Work to complete —
The lines to repeat are those below from the one containing "MP3 Docking Station With AM/FM Clock Radio" down to the one containing "Vestido floral, Tam M - Foto 2", both included; reproduce them exactly and nothing else.

Source data —
■ ■ ■ ■

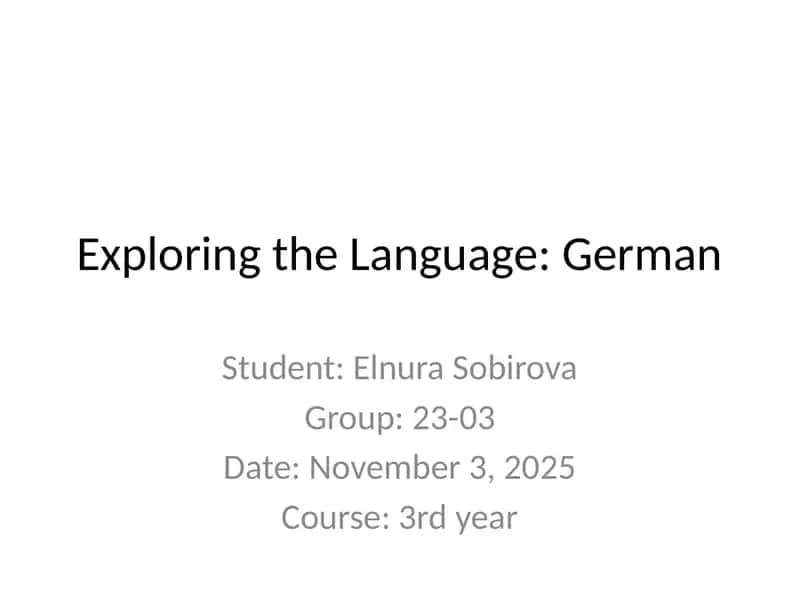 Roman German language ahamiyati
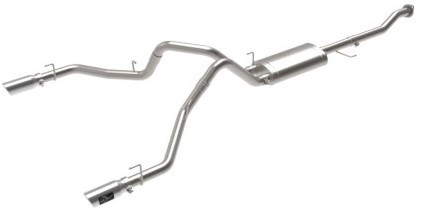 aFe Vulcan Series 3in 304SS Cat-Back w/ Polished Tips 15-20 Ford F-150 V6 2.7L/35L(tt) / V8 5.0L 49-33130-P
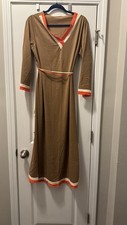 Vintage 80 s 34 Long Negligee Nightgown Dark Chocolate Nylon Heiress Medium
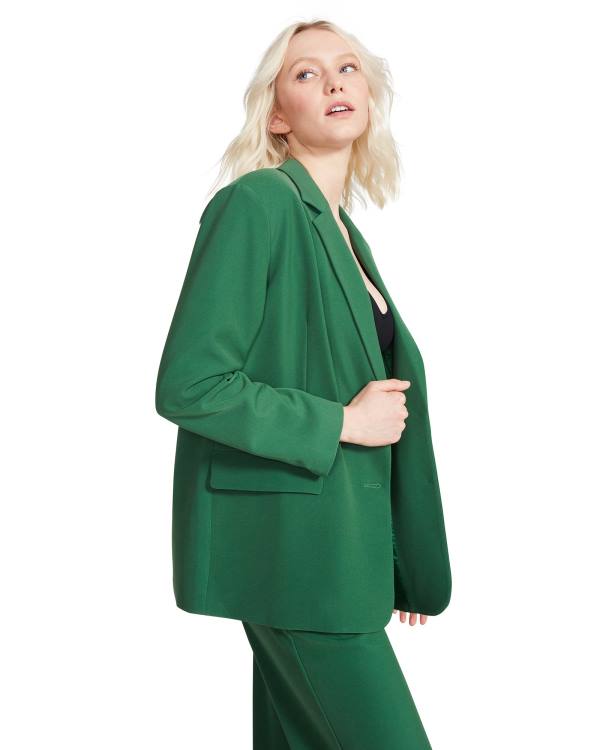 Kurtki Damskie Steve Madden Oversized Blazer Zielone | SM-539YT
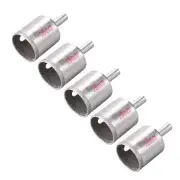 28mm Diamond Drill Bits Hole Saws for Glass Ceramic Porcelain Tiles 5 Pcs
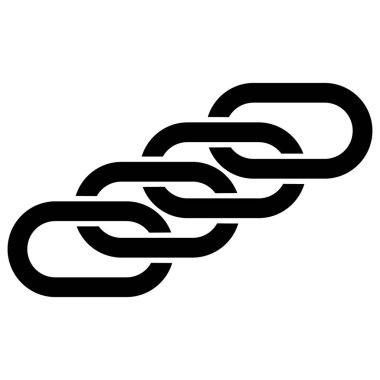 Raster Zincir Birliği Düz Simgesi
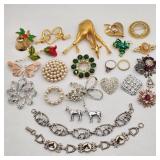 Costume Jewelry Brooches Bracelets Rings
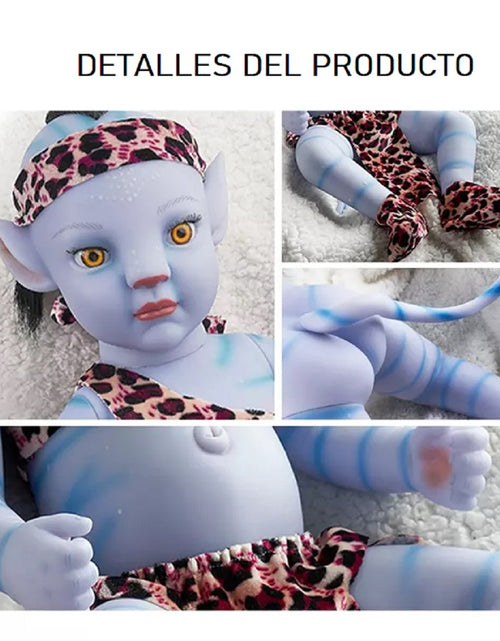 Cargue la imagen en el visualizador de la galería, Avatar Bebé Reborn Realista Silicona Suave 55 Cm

■ ■ ■ ■

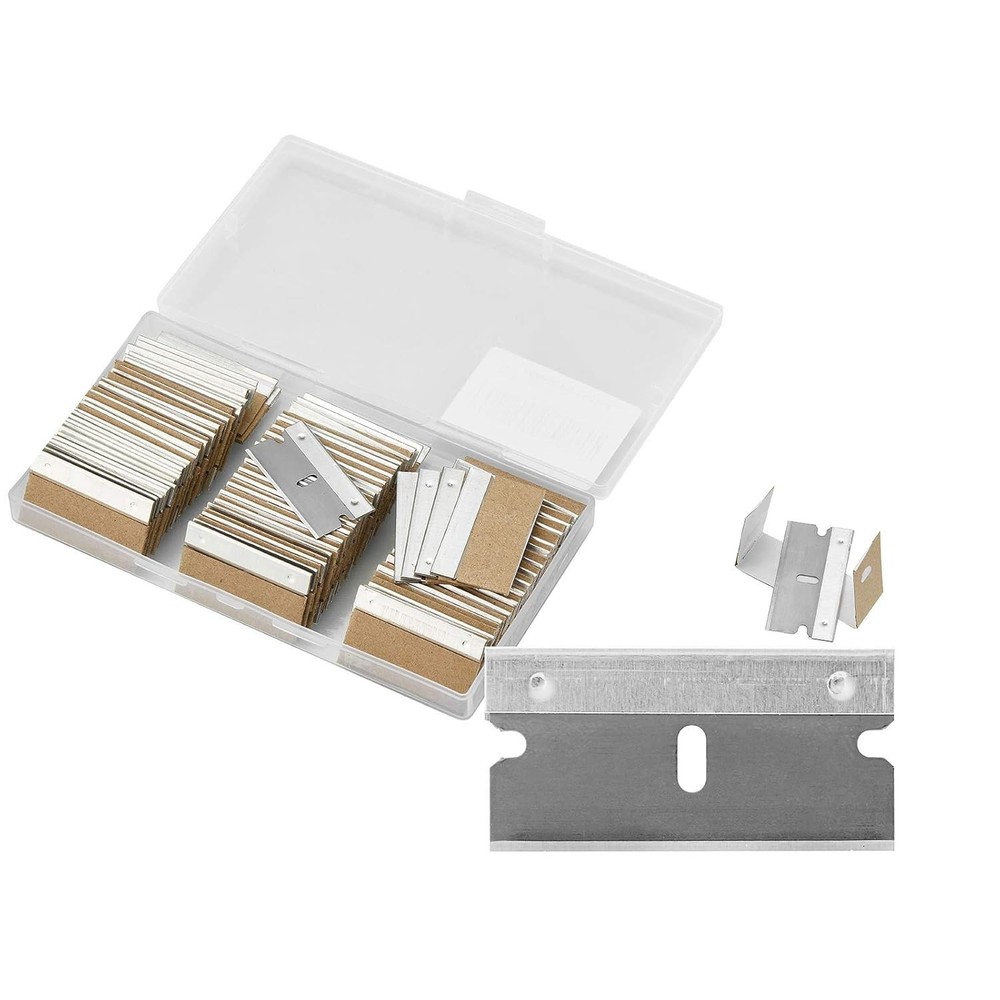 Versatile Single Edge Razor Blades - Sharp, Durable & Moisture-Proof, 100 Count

■ ■ ■ ■

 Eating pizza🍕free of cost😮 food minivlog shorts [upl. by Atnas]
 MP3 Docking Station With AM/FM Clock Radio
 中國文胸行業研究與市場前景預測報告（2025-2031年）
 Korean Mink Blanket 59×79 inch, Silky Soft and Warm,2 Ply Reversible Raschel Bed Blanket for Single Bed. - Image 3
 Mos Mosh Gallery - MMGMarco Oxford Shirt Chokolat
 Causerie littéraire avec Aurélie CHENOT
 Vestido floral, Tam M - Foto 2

■ ■ ■ ■

Solution below —
 MP3 Docking Station With AM/FM Clock Radio
 中國文胸行業研究與市場前景預測報告（2025-2031年）
 Korean Mink Blanket 59×79 inch, Silky Soft and Warm,2 Ply Reversible Raschel Bed Blanket for Single Bed. - Image 3
 Mos Mosh Gallery - MMGMarco Oxford Shirt Chokolat
 Causerie littéraire avec Aurélie CHENOT
 Vestido floral, Tam M - Foto 2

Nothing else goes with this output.